Not sure if this helps at all.
@tsantzi 's script works for me (Ubuntu 20.04), but I agree this should be fixed in subl itself. If it requires some WM-specific code, then that's probably just the cost of doing business on a particular OS. Although I sympathize with how annoying this would be to maintain for Ubuntu in particular, where Canonical seems unable to break the habit of throwing out major components of their windowing stack every couple versions.
Ah, no, I spoke too soon. It seems that, even with ps aux | grep subl
returning no results, subl -n
(or /opt/sublime_text/sublime_text --new-window
) insists on opening on a different desktop than the one I'm testing from.
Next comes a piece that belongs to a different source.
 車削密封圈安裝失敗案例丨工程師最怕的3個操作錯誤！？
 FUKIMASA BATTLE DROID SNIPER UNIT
There's really no excuse for this; there's no previous instance to be confused with.
I can fix it temporarily by deleting or renaming ~/.config/sublime-text/Local/Session.sublime_session
. It's not a great solution, but if you don't care about "session"s, you can just add rm $HOME/.config/sublime-text/Local/Session.sublime_session
to the script from @tsantzi . At this point, I just use sublime as a basic editor, and VSC for anything serious, so I'm fine with that.
A more fine-grained approach might be to parse that file (it's JSON) and strip out some sort of workspace information, but how to do this minimally without losing things like my menu-hide preference (why isn't this in ~/.config/sublime-text-Packages/User/Preferences.sublime-settings
instead, BTW?) would take me more than 0 minutes of effort, so I'm going with the brute-force method now.
Hi @tsbertalan, yes, this weird behaviour of subl -n
jumping to another workspace started happening on my system too, a few months ago. Note that it only happens sometimes/rarely (at least on Arch+Cinnamon, which is what I use).
Frankly I have given up hope on this ever working properly, I have spent way too many hours trying to fix this. It is sad because I am/was a huge fan of Sublime for many years (it being my main driver/IDE), but this issue renders it unusable with my workflow, which involves spreading out multiple projects across my workspaces.
FWIW, the script still works properly when opening sublime "projects" (although you have to open them via the sublime-workspace
file, as opening the sublime-project
file will occasionally cause sublime to crash - another long-standing issue on Linux).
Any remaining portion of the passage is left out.